I’ve just sold my house to move me and my two kids in with my “twin flame”—J.B.C. III—in the Tampa Bay area. I’m thinking this is it. The next chapter. The fresh start we’ve been waiting for.

The day before the sale of my house closes, he breaks up with me. Just like that, I’m left with two kids and no place to go—for the first time.

But I’m still blinded by the bullshit of “twin flames.” I tell myself his “karmic” (the woman I thought he had finally divorced) must’ve gotten in his head. That he’s scared. Still healing his inner child wounds. I convince myself this is part of the journey. So I scramble and find a vacation home in his area—somewhere temporary for me and the kids to stay for two months—just until I find something more permanent.

He knocks me up the first day I move in. But now, suddenly, he “can’t be with me” because his “ex-wife” is staying with a friend, and as the story goes, that friend won’t let her keep the kids overnight. So he’s got them full-time. Also, she’s “mentally unstable,” and he’s scared for his children’s safety. But of course… he can still come fuck me on his lunch breaks throughout my entire pregnancy.

And while I carry this baby and he visits me in secret, he keeps telling me we’re going to buy a house together. I believe him. I plan for it. My money starts running out, little by little.

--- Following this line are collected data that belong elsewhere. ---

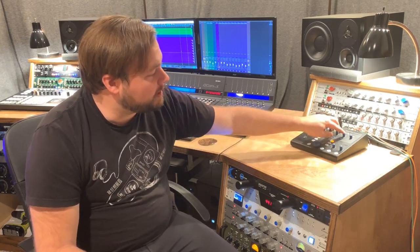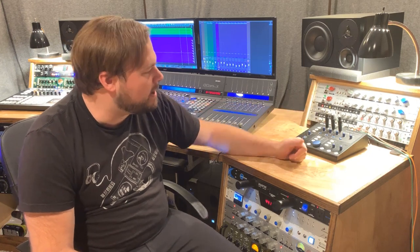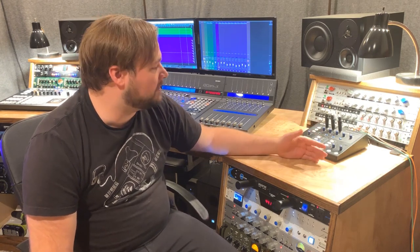We also have four different headphone outputs with a cue mixing ability, where you can bring in a second stereo cue input and send those out to four different sets of headphones. It's an incredibly versatile unit, but it's also really simple to use and simple to set up.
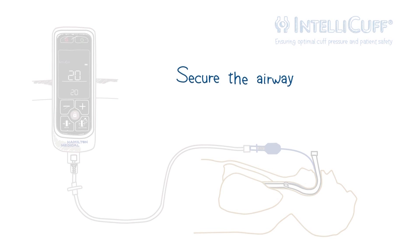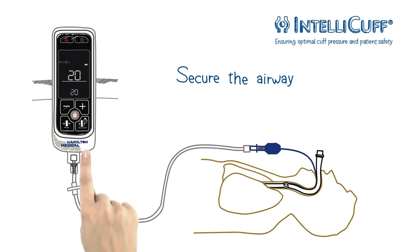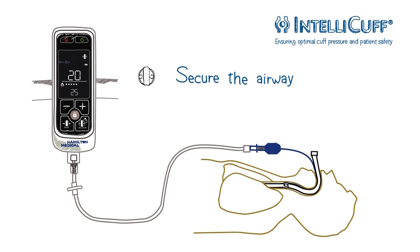Increase the cuff pressure for a user-defined period of time to secure the airway and avoid aspiration or unintended extubation. By default, the hold is active for 5 minutes and applies 5 cm of water above the currently set pressure. You can stop the hold at any time.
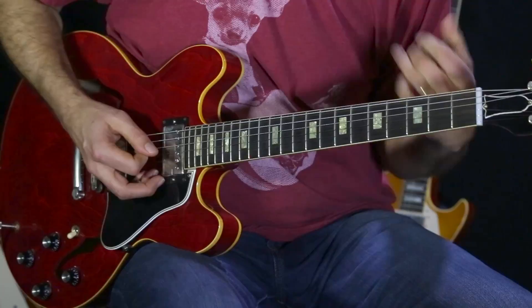Okay, so this lick has a... again, it's all in the key of G.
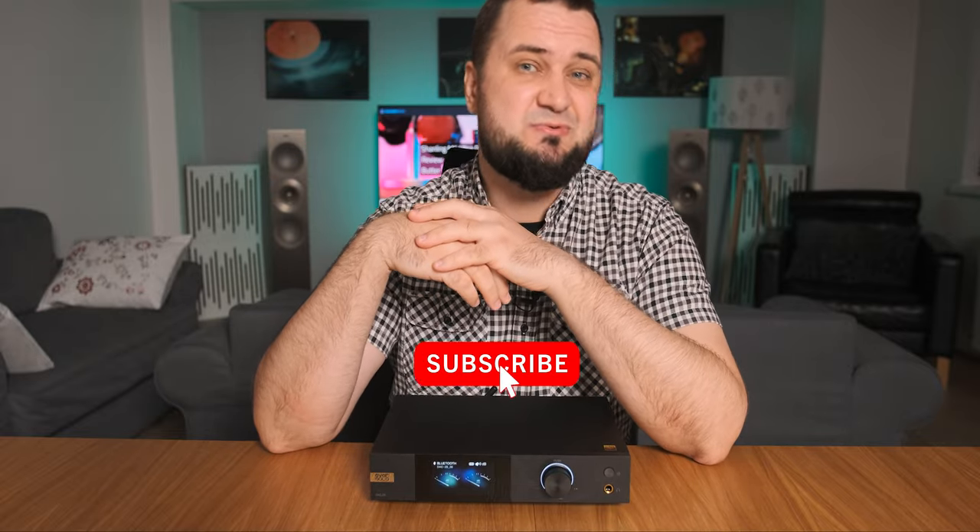Okay guys, I hope you enjoyed my review. Don't forget to like and subscribe — and as usual, listen to more tunes, be positive, and I'll see you around. Cheers!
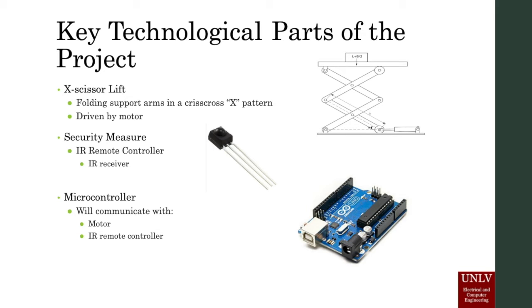The system is simple and easy to use. A basic infrared remote control will be the driving device and only features buttons for raising the bed up, lowering the bed down, and toggling power for the system itself.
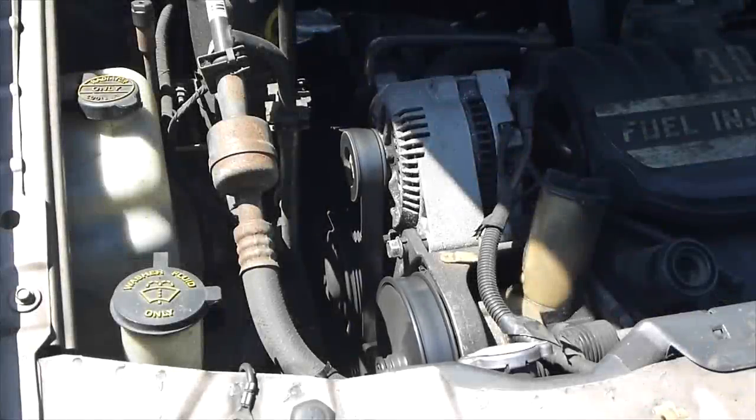Does your belt make a squeaking noise like this? Hey guys, Chris Fix here. Today I'm going to show you how to temporarily fix this squeaking noise so it doesn't drive you nuts.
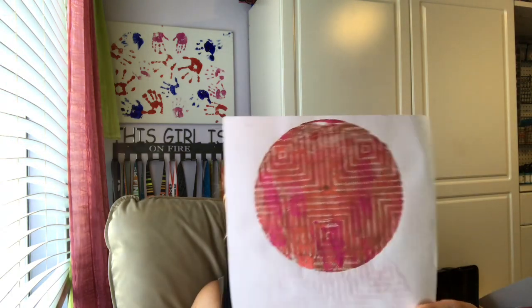Every time you use the Gel Press plate, nothing comes across the same. This is one of them, and I am using the Dina Wakely Media Glue.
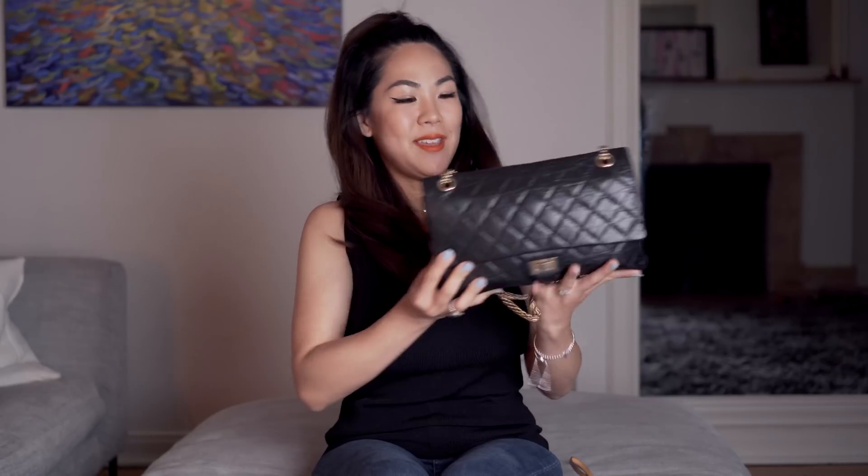Hey guys, welcome back to my channel. I'm Tabby Violet and if you're new here, I do videos on luxury lifestyle, vlogs, fashion, and pretty much everything I really like. Today I'm doing a highly requested video on my Chanel Reissue 226 - the anniversary edition. This video was highly requested and I won't do a full review today because I don't like to make the videos too long, but if you want that, thumbs up and leave a comment down below.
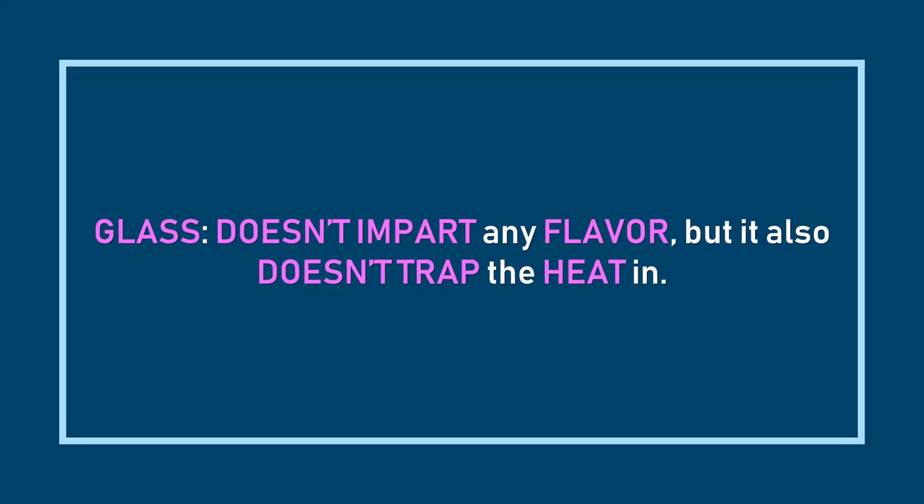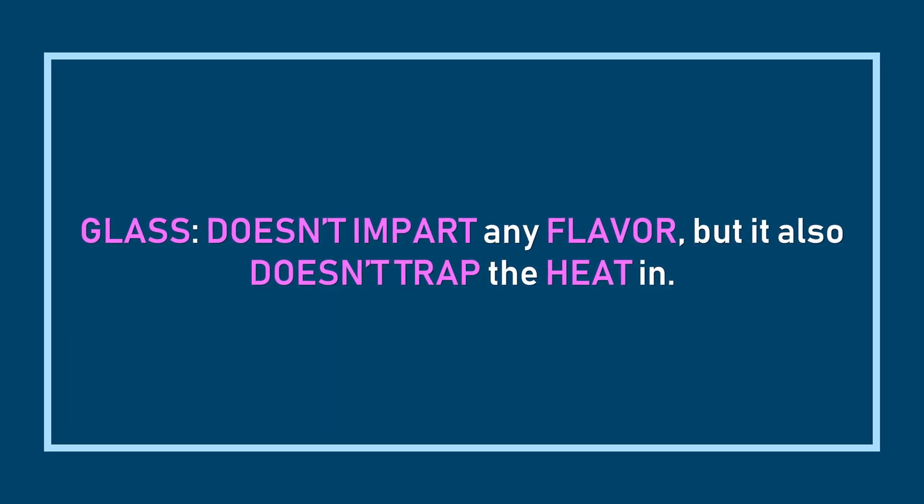We've talked about paper, metal, and plastic — that leaves two more materials: ceramics and glass. These materials are really good for drinking tea and coffee. They're both unreactive, so they don't impart any flavor onto the drink or take it away. They also have low CO2 permeability, so CO2 doesn't filter into the drink and react with the flavonoids. However, there are still two small differences: glass has a bit more UV permeability than ceramics, and that UV permeability excites the molecules in the drink and causes a few cascading reactions.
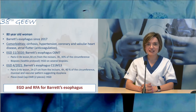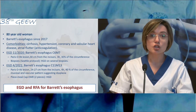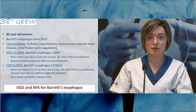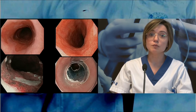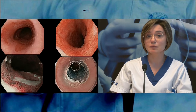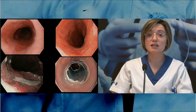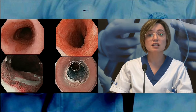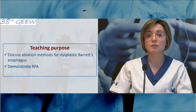Our next case is a 68-year-old woman followed for Barrett's esophagus since 2017. The control gastroscopy performed this year showed a Barrett's esophagus of C11M13 with a Paris 2b lesion 24-27 cm from the incisors, with a mucosal and vascular pattern suggesting dysplasia. This lesion was resected by piecemeal EMR and the histopathological results came back positive for high-grade dysplasia. She is scheduled today for gastroscopy and radiofrequency ablation of the remaining Barrett's esophagus.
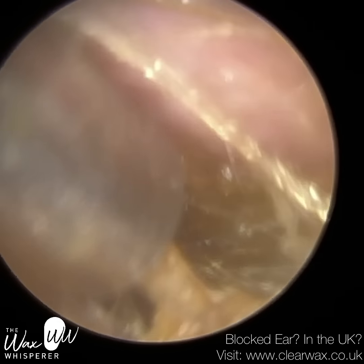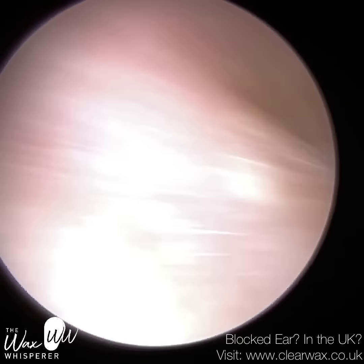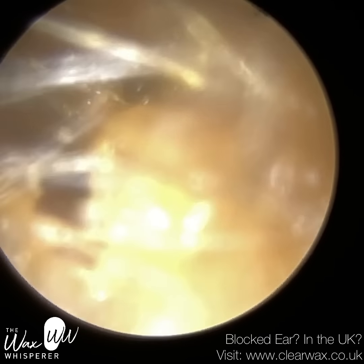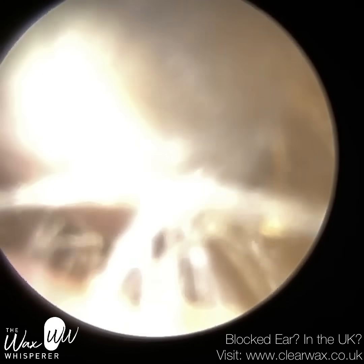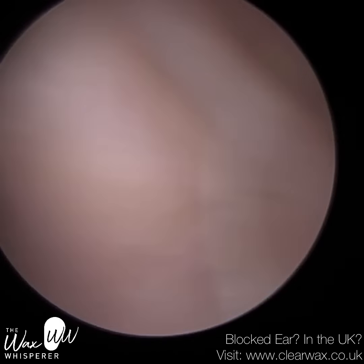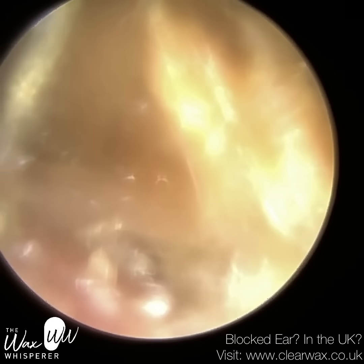They also do have a lot of hair at the entrance, as you can see here. On occasion, that can just slightly obscure the view, but it wasn't negatively impacting the procedure. If the ear is extremely hairy, I can use some forceps and almost pluck these hairs out, and that can improve the visualization of the earwax.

But I’m still busy “manifesting” this picture-perfect life with my “twin flame,” too caught up in spiritual hope to see the reality crashing down: that I’m about to be homeless, now with three kids, and hours away from any real support system.

He leaves me a month before the baby is born. But because he showed up for the birth—and because I was still convinced he was my “twin flame”—I forgave him.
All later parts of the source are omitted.